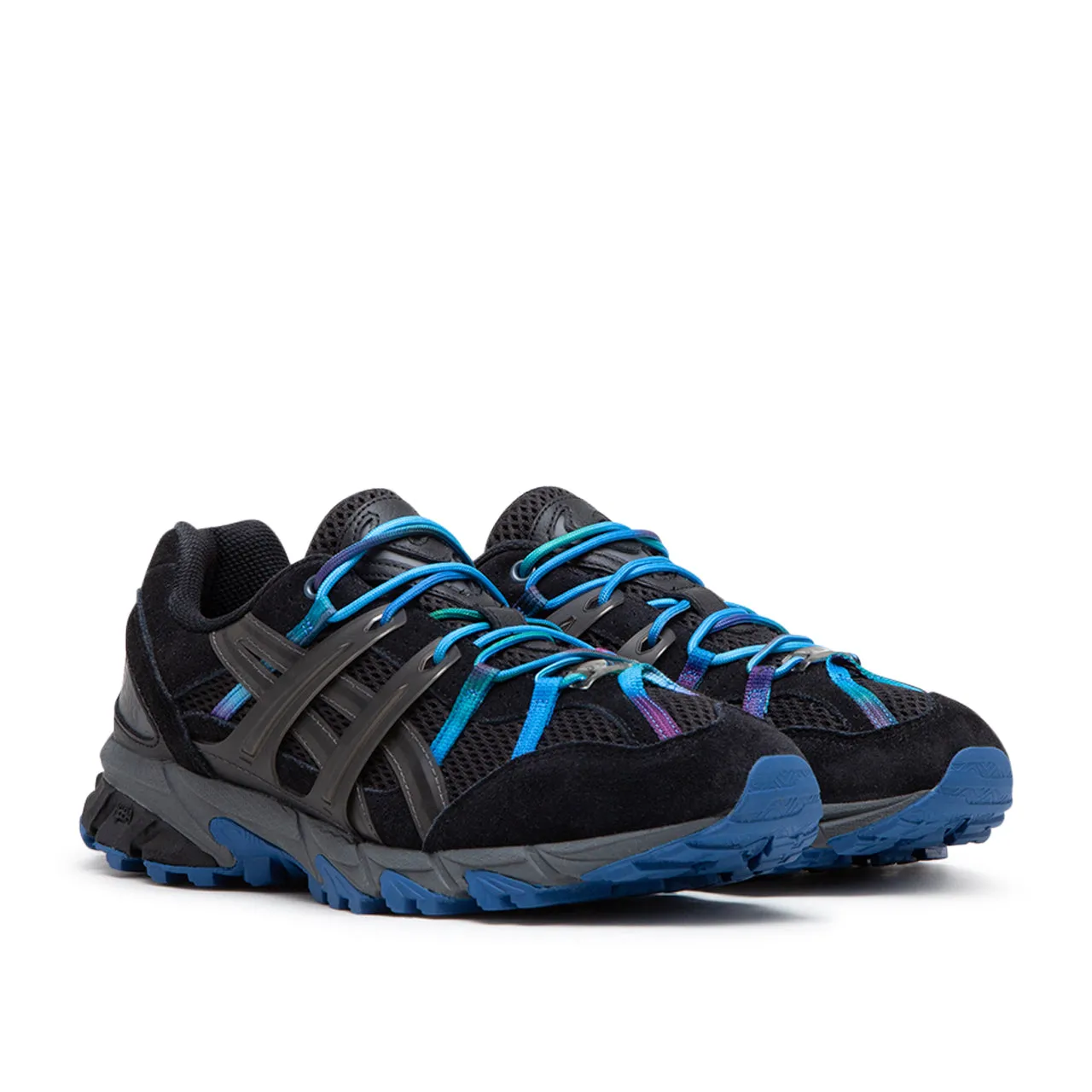 Asics x A.P.C. Gel-Sonoma 15-50 (Black / Blue)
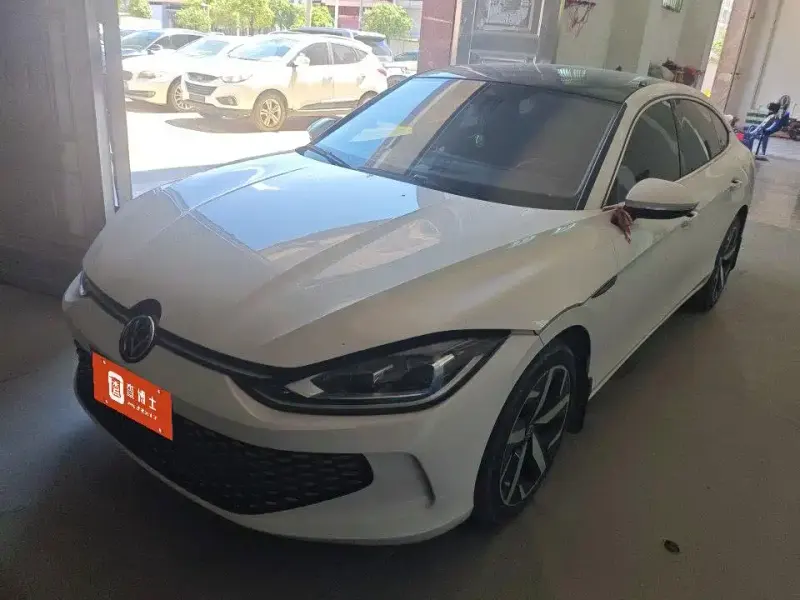 Volkswagen Lamando, 2022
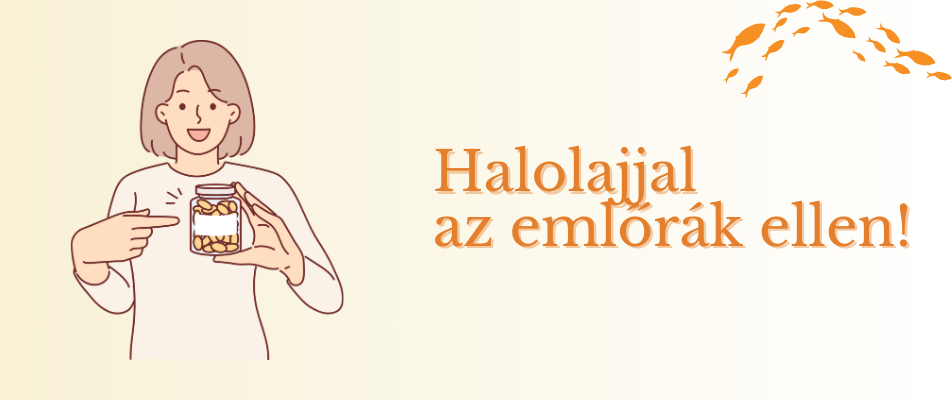 Halolajjal az emlőrák ellen!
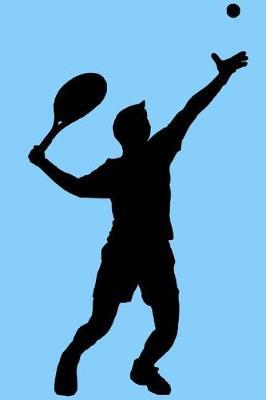 Tennis Sketchbook: Tennis Bordered Sketchbook for Kids. Funny Tennis Drawing Book for Boys and Girls (Blank Bordered Sketchbooks)150 Pages 6x9 Tennis Sketch Paper Book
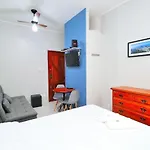 Studio No Coracao De Copacabana Para 3 Pessoas
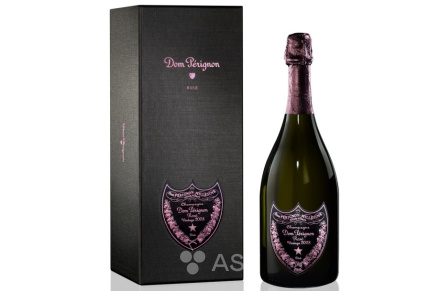 Dom Perignon Rose Vintage, в подарочной упаковке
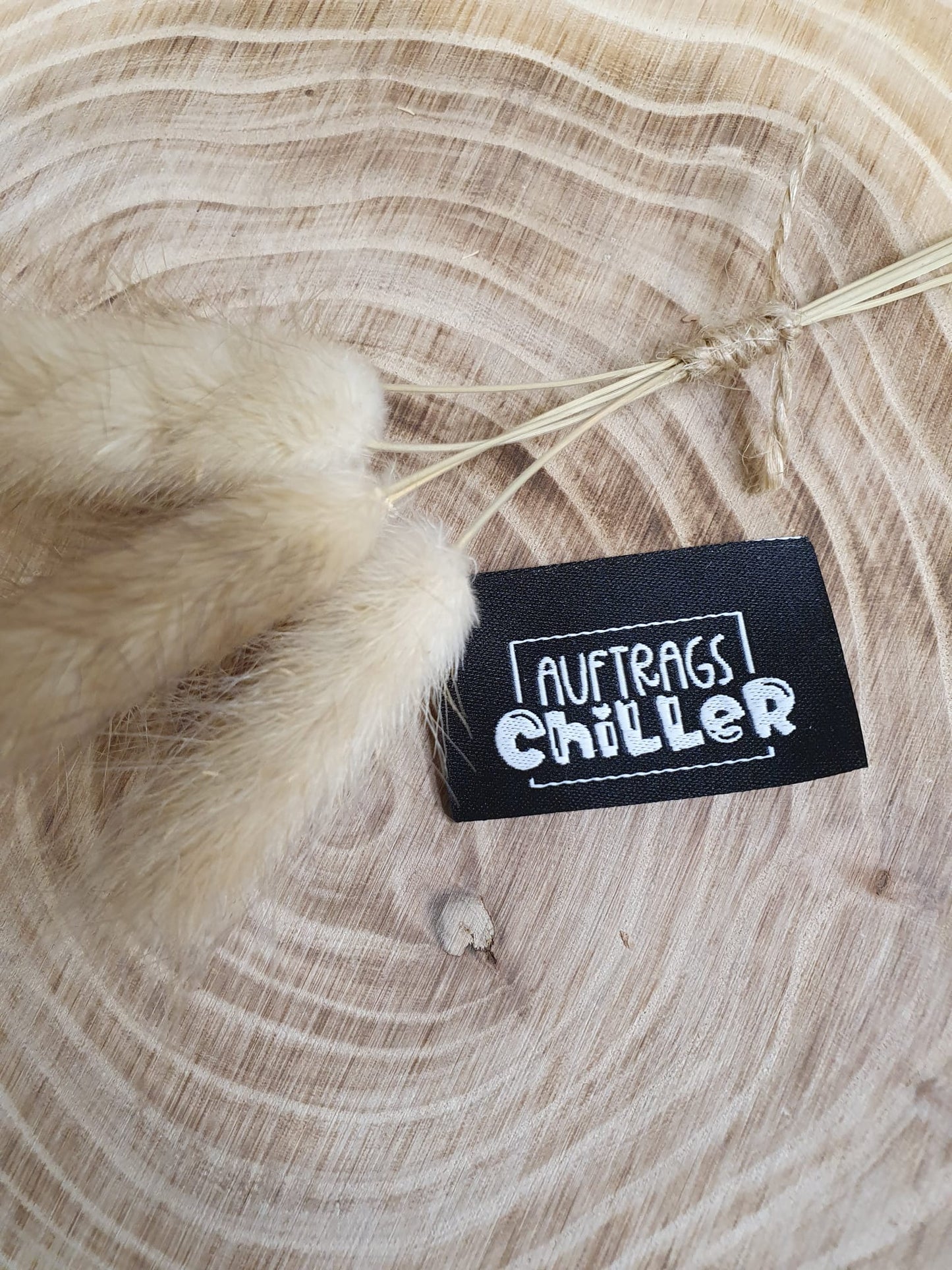 Label AuftragsChiller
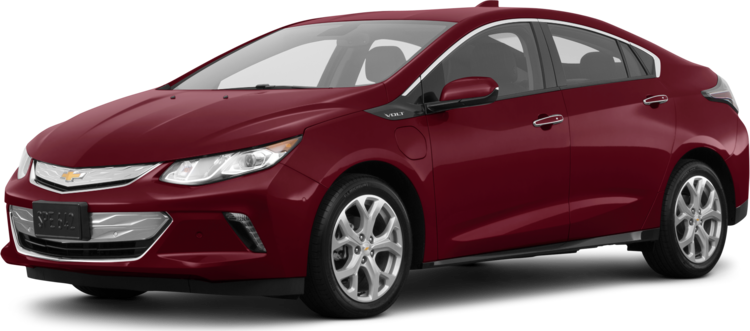 2017 Chevrolet Volt Exterior: 0
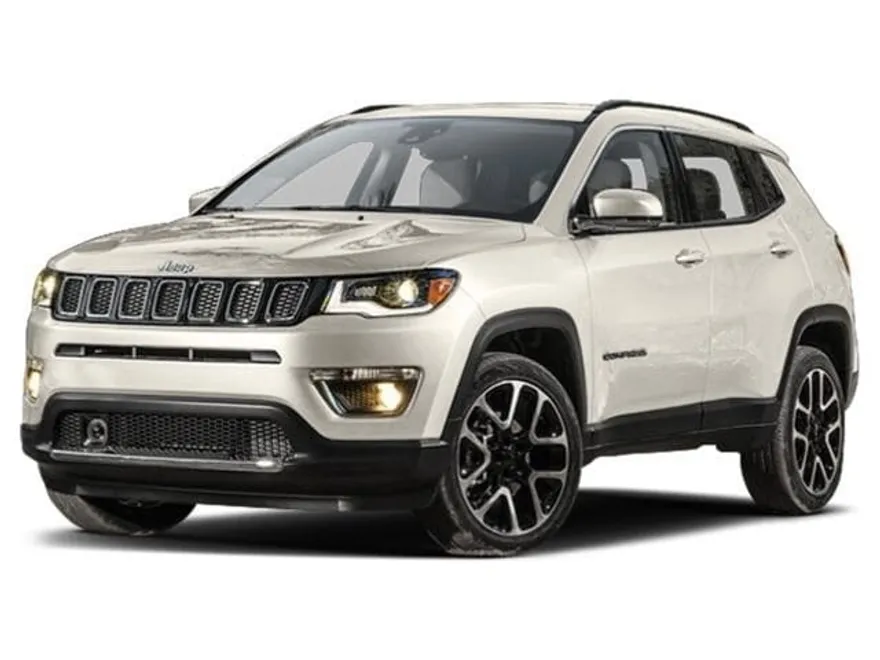 2017 Jeep Compass Latitude photo 1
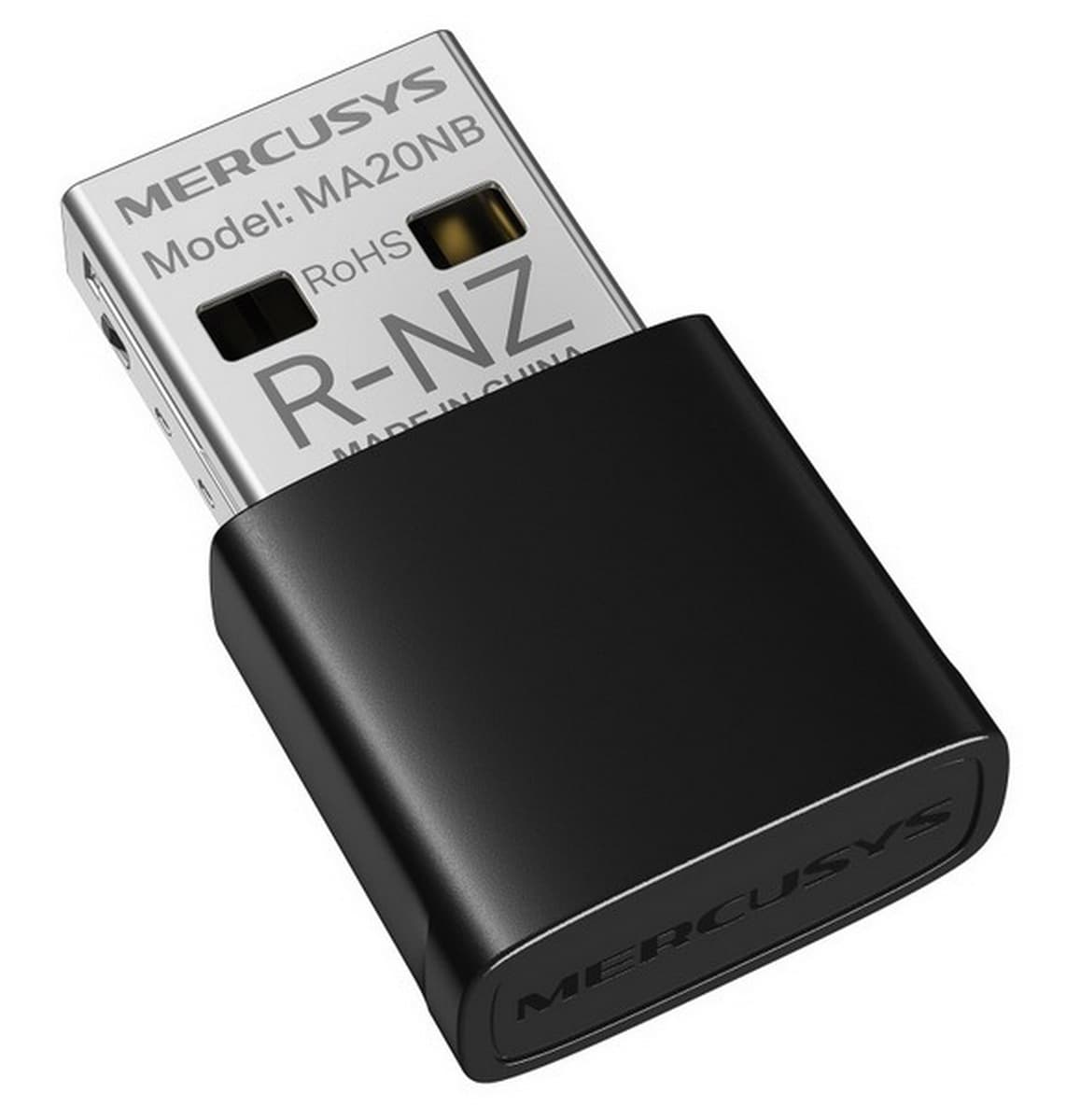 MERCUSYS MA20NB Nano Wi-Fi Bluetooth USB adaptér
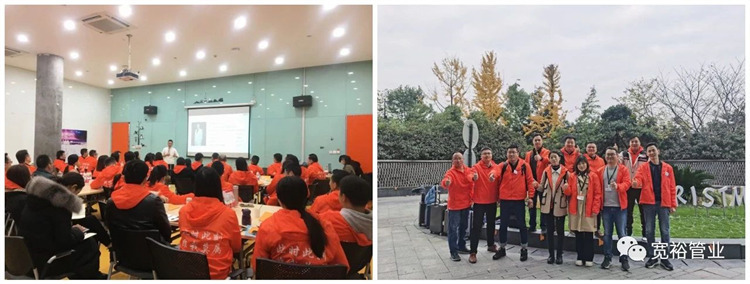 ▲持續(xù)不斷地學(xué)習(xí),是我們制勝的法寶之一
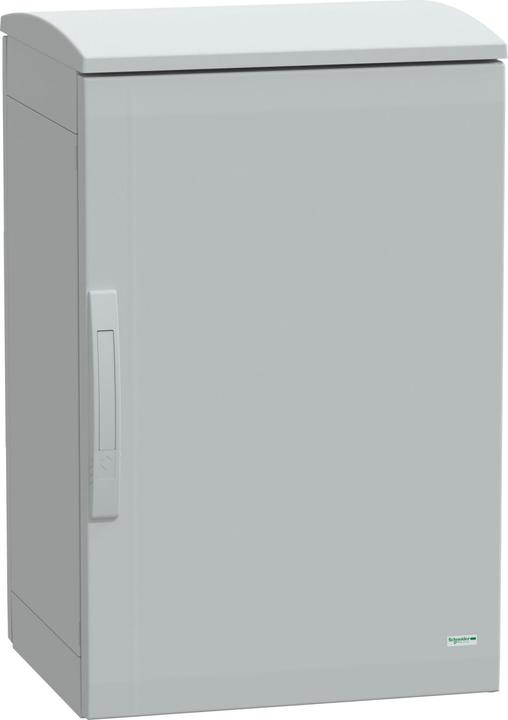 Produktbild Schneider Electric Polyestergehäuse bodenst. Vers.PLAT oben NSYPLAT754G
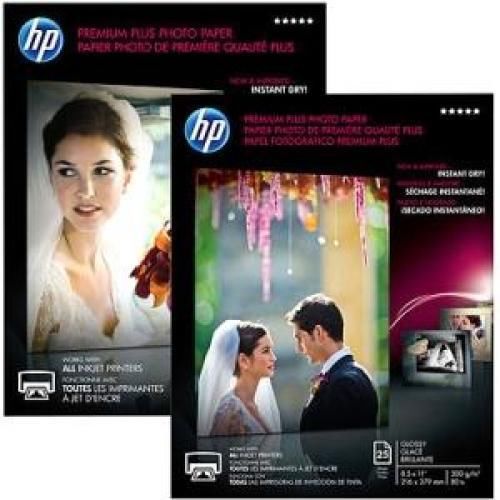 Hewlett Packard HP Premium Plus Photo Paper CR670A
::::::::::
* What is expected *
In the copy, include exactly the lines from the one containing "Label AuftragsChiller" through the last line of the records, and no pictures or other text.

* Answer section *
 Label AuftragsChiller
 2017 Chevrolet Volt Exterior: 0
 2017 Jeep Compass Latitude photo 1
 MERCUSYS MA20NB Nano Wi-Fi Bluetooth USB adaptér
 ▲持續(xù)不斷地學(xué)習(xí),是我們制勝的法寶之一
 Produktbild Schneider Electric Polyestergehäuse bodenst. Vers.PLAT oben NSYPLAT754G
 Hewlett Packard HP Premium Plus Photo Paper CR670A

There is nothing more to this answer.